Âdâb-ı menazil / Karamanî Abdüllatif b. Durmuş Fakih

390 sayfa; 18x29 cm

İçindekiler: 1-5. Fasl: Karı-koca hakları, tafil ve misallerle (bu) makamın tahkiki, anne ve babanın evlatları üzerindeki hakları, akraba hakları, hizmet veren hayvan hakları ve avcılık meseleleri.
6-10. Fasl: Kadınların erkekler üzerindeki hakları, erkeklerin kadınlar üzerindeki hakları, salih kadınların fazileti, iyiliği emredip kötülüğü nehyetmek ve aile eşrâfının halleri, zâhid ve faziletli kadınların menâkıbı.
11-15.Fasl: Komşunun komşu üzerine hakları, namaz, din kardeşi hakları ve vasıflar, küfre (düşüren) sözler ve fiiler, şeytanın tuzakları, (telaffuz edildiğinde) istiğfarın gerekli olduğu hatalı sözler, şam’ın fazileti ve oraya yerleşmeye teşvik etme
Hâtime: Dünya hakkında.
Yazar eserinde aile âdâbını, eşlerin durumları, kadınların hakları vb. konuları işleyen müellif ilk fasıl olarak da "Eşlerin (birbirine olan) hakları" başlığıyla eserine başlamıştır.

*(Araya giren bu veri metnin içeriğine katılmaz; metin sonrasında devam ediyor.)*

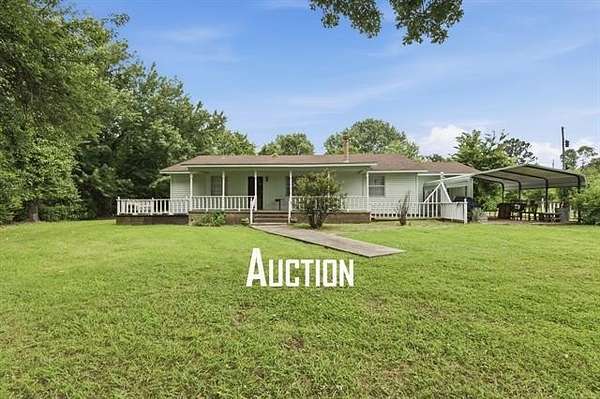 14.7 Acres of Land with Home for Sale in Muskogee, Oklahoma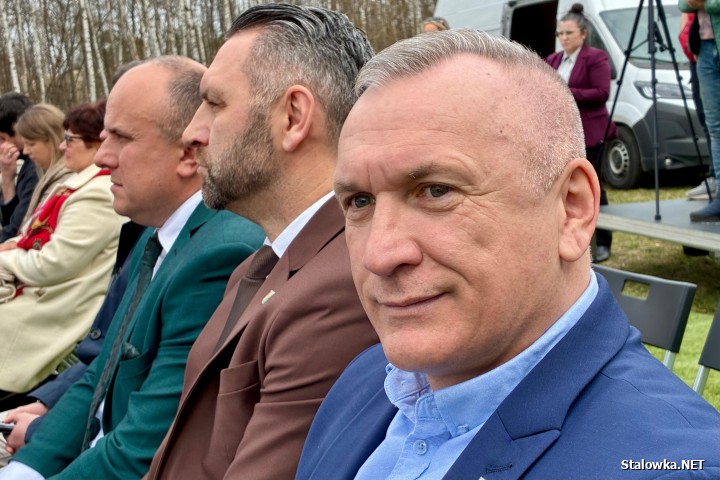 24 marca 2026 roku na terenie miejskiej spółki Sport i Rekreacja władze miasta podpisały umowę z wykonawcą na budową aquaparku Stalowa Wola.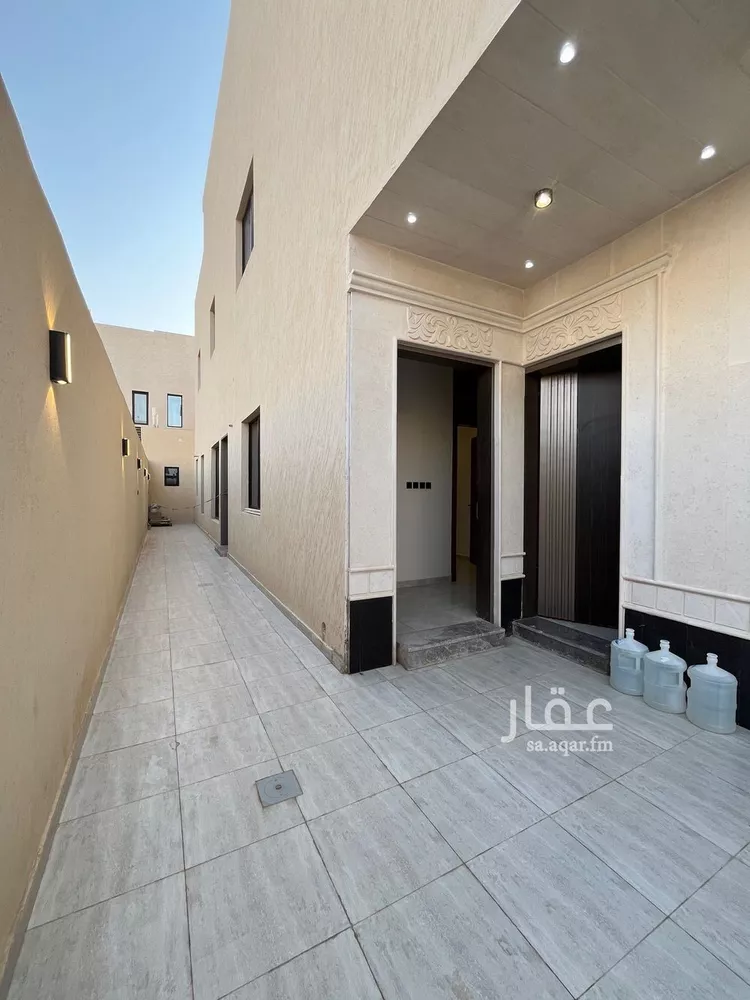 دور للبيع في شارع أنور الجندي, حي عكاظ, مدينة الرياض, منطقة الرياض 6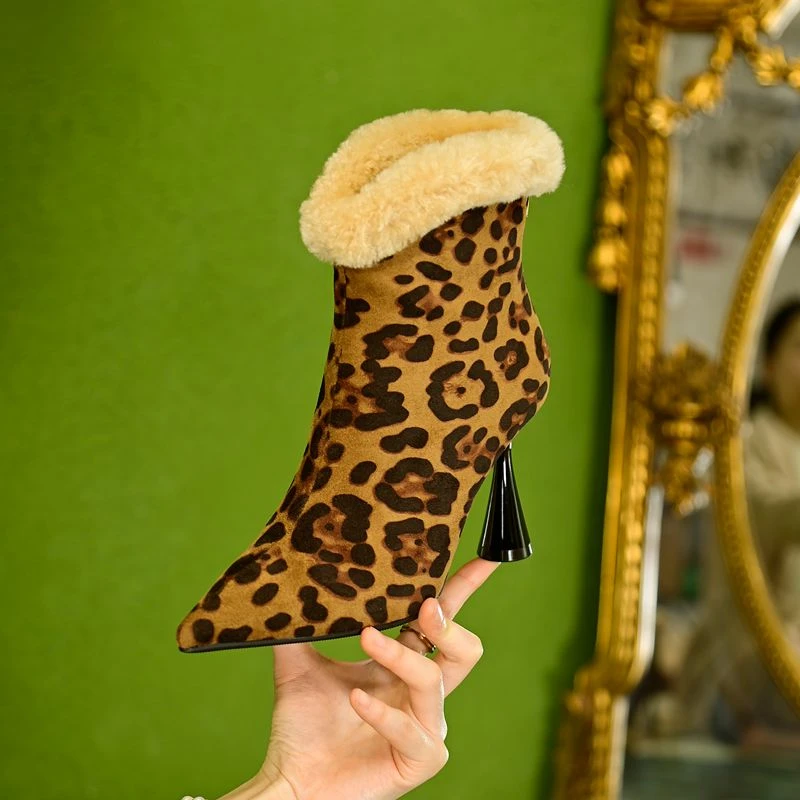 【DUOSI】8公分高跟性感时装靴秋冬毛毛女靴尖头豹纹短靴女XD95955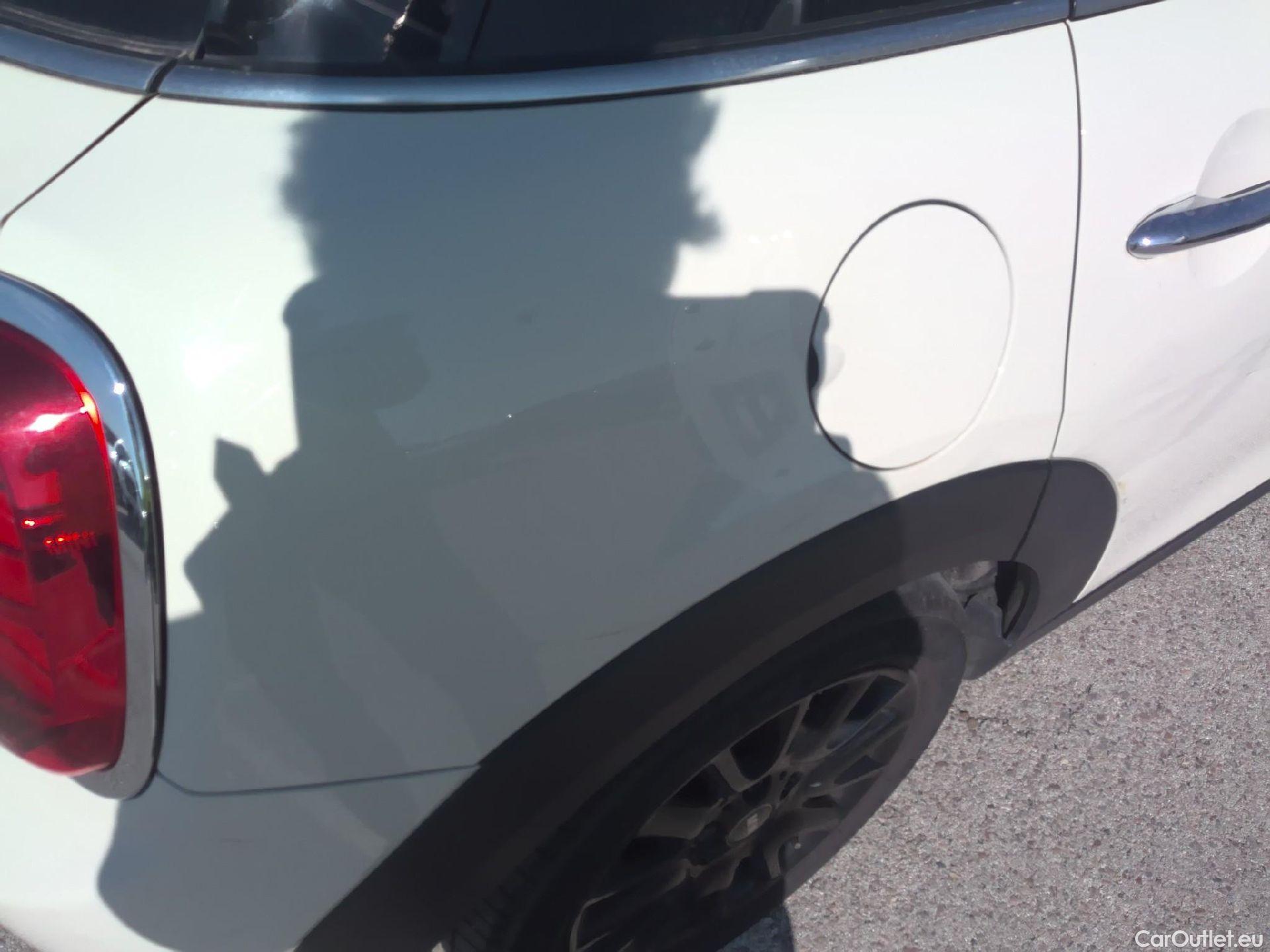  Mini  Cooper MINI MINI / 2014 / 5P / berlina con portón ONE 5 PUERTAS (CX) #24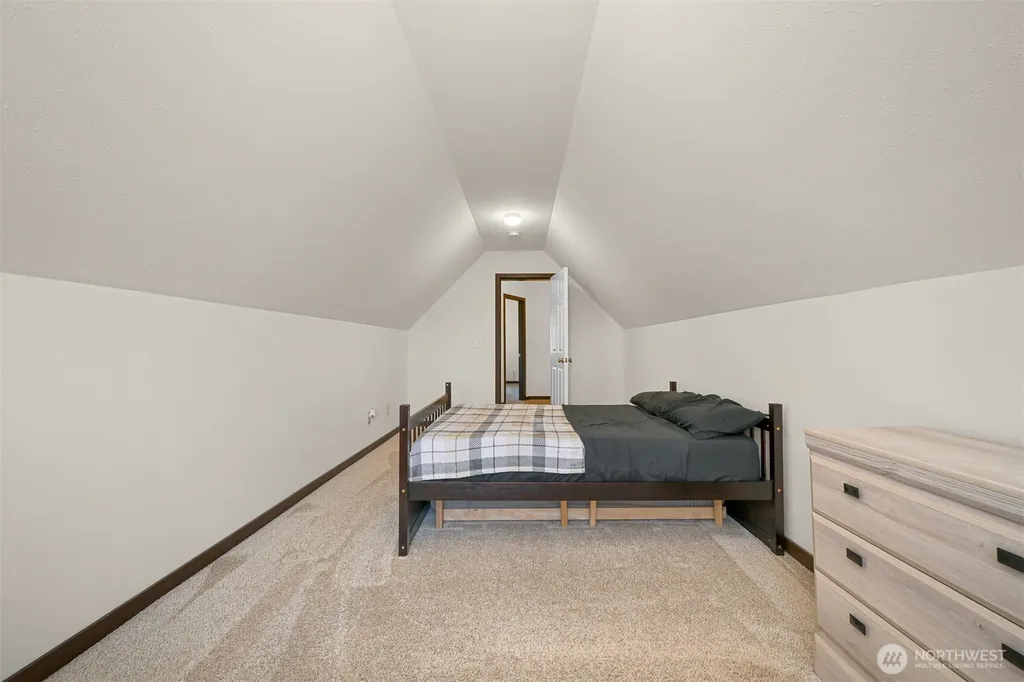 2270 Shea Street Lynden WA 98264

Eser genel anlamda ahlâk ilminin "Tedbîr-i Menzil" olarak isimlendirilen ve “ev yönetimi” anlamına gelen kısmına tekabül etmektedir. Soylu ve ilim sahibi bir aileden olan bir hanımla evlenen müellif evine gelen misafir hanımları irşat etmektedir. Ancak o kendisi ve diğer kadınlar için hanımlar hakkında bir kitap bulmakta ve bu konuda bilgilere ulaşımda zorluk çekmekte ve şikâyette bulunmaktadır. Müellif de onun bu haklı serzenişine bir nebze faydalı olması amacıyla bu kitabı kaleme almıştır. Müellif eserinin girişinde eserin Türkçe tercüme olduğunu belirtmekte ancak tercüme edilen eserin ismini zikretmemektedir. Muhtemelen eser bu anlamda farklı eserlerden aile ahlâkı hakkındaki pasajları tercüme ederek bu eseri oluşturulmuştur. Nitekim eserde Medârik-i Nesefî, Keşşâf, Kitâb-ı Tergīb, Ravzatü'l-ulemâ, Kādî (Beydâvî) vb. eserlere çokça atıflar yapılmıştır. On beş fasıl ve bir hâtimeden müteşekkil bir eserdir.
Satın alınacak nüsha kâğıt ve yazı özellikleri dikkate alındığında 18-19. yüzyılda istinsah edildiği söylenebilir. Nüshanın 1b yaprağındaki 1271 H (1856) tarihli temellük kaydı da bu hususu güçlendirmektedir.